Given my thoughts on this issue, I cannot in all conscience vote against the Bill, but I ask the Minister for reassurance that the Committee will play a fundamental role in looking at the issues involved and that we can begin the education process that has been missing over the past few months as one side has simply stood and shouted at the other.
6.5 pm
Ben Gummer (Ipswich) (Con): Many Members have already spoken powerfully and I have nothing to add to that expression of feeling. I want to speak about the reason for the Marriage Act 1836 coming into being, which is related to the matters that we are discussing today.
The Act was introduced to protect people who dissented from the common view at the time. Before 1836, people had to get married in a Church of England church, which was anathema to the many Roman Catholics, non-conformists and Quakers and the very small number of atheists. The then Government under Viscount Melbourne introduced the legislation to protect the liberties of those people. A case cited in the House at the time involved a Roman Catholic lady who had married a fellow Roman Catholic in a clandestine marriage. The husband then ran off and she was left destitute because they did not have a proper marriage contract in law.
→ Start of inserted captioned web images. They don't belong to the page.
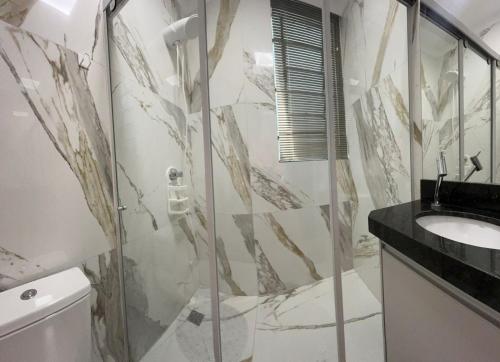 a bathroom with a shower and a sink at B-54-Central com Wi-Fi e Ventilador, Sem Garagem in Londrina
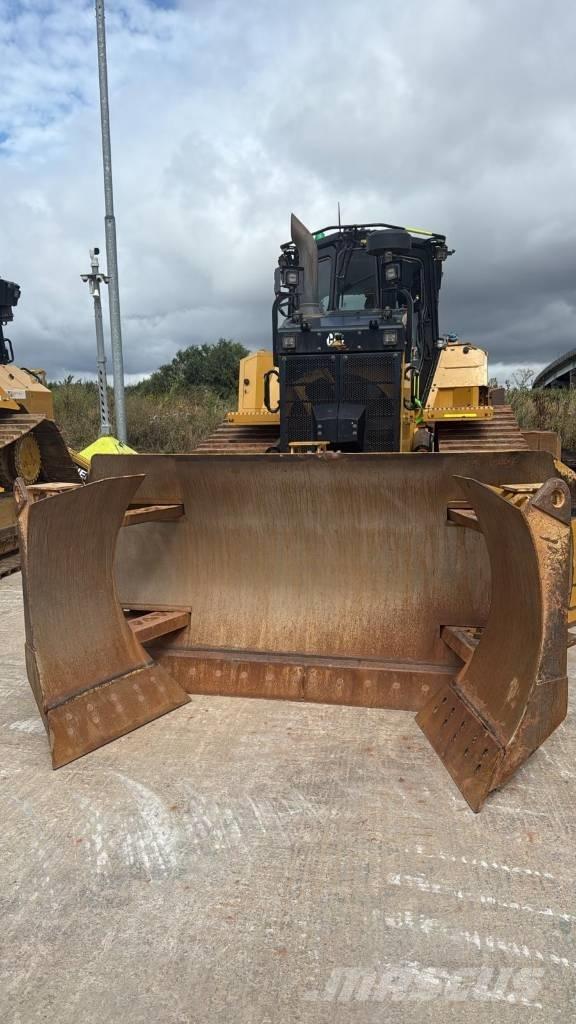 CAT D 6 LGP Pásové dozéry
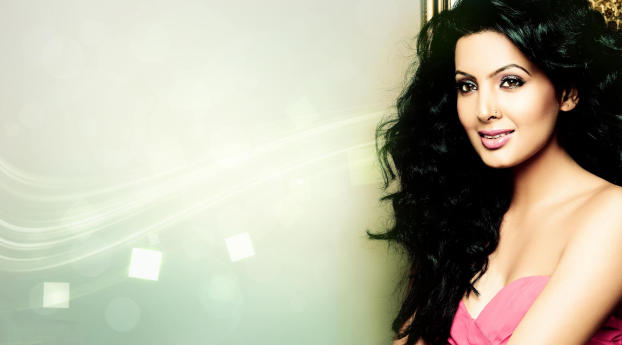 Geeta Basra Lovey Hair Style Photos Wallpaper 1280x2120 Resolution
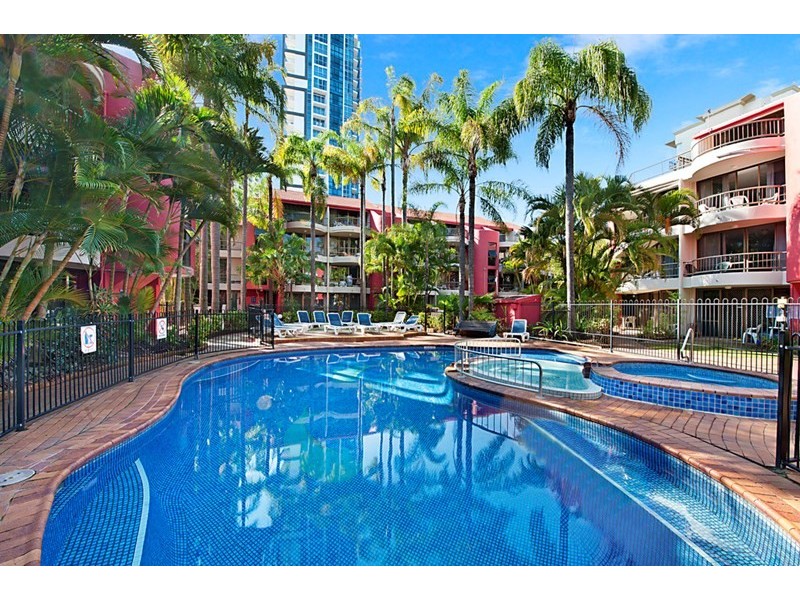 38 Enderley Avenue, Surfers Paradise QLD 4217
The 1836 Act, in seeking to protect a number of minorities, was a very forward-looking piece of legislation. The arguments marshalled against it were not dissimilar to those that we are hearing today. It was argued that marriage was somehow exclusively the preserve of religion, and that extending it into the secular sphere in any way would devalue it. At that time, the number of people, such as atheists, who were married in secular ceremonies was minuscule, but the figure has now risen to 60% of marriages and we do not regard such marriages as being of any less worth or involving any less love than those that are conducted in a church. I believe that, 177 years later, we should now seek to protect the love, the freedoms and the liberties of another minority that has been oppressed and forgotten for so long.
6.7 pm
Gavin Barwell (Croydon Central) (Con): In some ways, this is the most difficult issue that I have faced in my two and a half years as an MP. The majority of my constituents support the proposal, but many do not and some of those people feel very strongly about it. Also, I find myself on a different side of the argument from some of my colleagues and close friends, including my hon. Friend the Member for Enfield, Southgate (Mr Burrowes).